Another way to implement these as fifo channels would be to use the hls::FIFO library. This final version is included as a complete code example. Please refer to the C++ Canny Edge Detection (SW/HW Co-Simulation) example in the SmartHLS IDE.

void canny_fifo(hls::FIFO<unsigned char> &input_fifo,
                hls::FIFO<unsigned char> &output_fifo) {
#pragma HLS function top
#pragma HLS function dataflow

    hls::FIFO<unsigned char> output_fifo_gf(/* depth = */ 2);
    hls::FIFO<unsigned short> output_fifo_sf(/* depth = */ 2);
    hls::FIFO<unsigned char> output_fifo_nm(/* depth = */ 2);

    gaussian_filter(input_fifo, output_fifo_gf);
    sobel_filter(output_fifo_gf, output_fifo_sf);
    nonmaximum_suppression(output_fifo_sf, output_fifo_nm);
    hysteresis_filter(output_fifo_nm, output_fifo);
} 

The top-level function has been specified with #pragma HLS function top.
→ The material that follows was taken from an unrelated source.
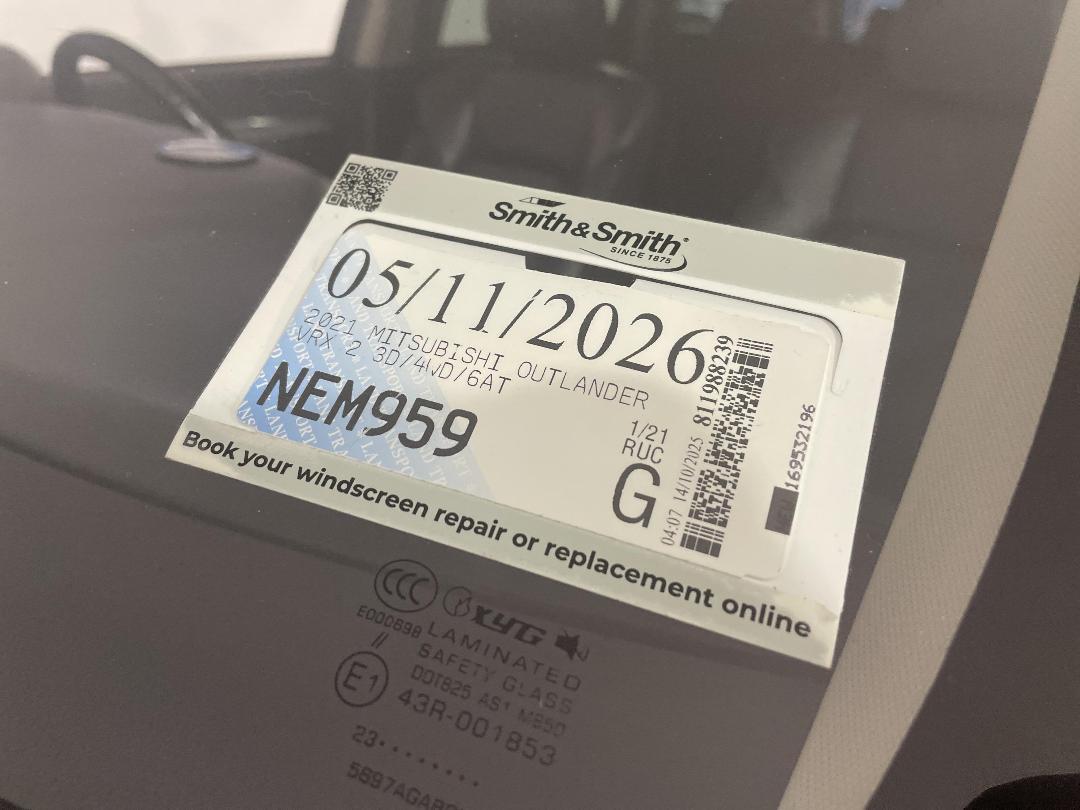 Photo '34' of Mitsubishi Outlander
The top-level function calls the four sub-functions, gaussian_filter, sobel_filter, nonmaximum_suppression, and hysteresis_filter, each of which are specified to be function pipelined with #pragma HLS function pipeline. The top-level arguments are input_fifo and output_fifo. The input_fifo is given as an argument into the first sub-function, gaussian_filter, and gives the inputs into the overall circuit. The output_fifo is given as an argument into the last sub-function, hysteresis_filter, and receives the outputs of the overall circuit. There are also intermediate FIFOs, output_fifo_gf, output_fifo_sf, and output_fifo_nm, which are given as arguments into the sub-function and thus connect them (i.e., outputs of gaussian_filter is given as inputs to sobel_filter).

When synthesizing a function with multiple pipelined sub-functions, specifying #pragma HLS function dataflow causes SmartHLS to parallelize the execution of all sub-functions, forming a streaming circuit with dataflow parallelism. In this case gaussian_filter executes as soon as there is data in the input_fifo, and sobel_filter starts running as soon as there is data in the output_fifo_sf. In other words, a sub-function does not wait for its previous sub-function to completely finish running before it starts to execute, but rather, it starts running as early as possible. Each sub-function also starts working on the next data while the previous data is being processed (in a pipelined fashion). If the initiation interval (II) is 1, a sub-function starts processing new data every clock cycle. Once the sub-functions reach steady-state, all sub-functions execute concurrently. This example showcases the synthesis of a streaming circuit that consists of a succession of concurrently executing dataflow sub-functions.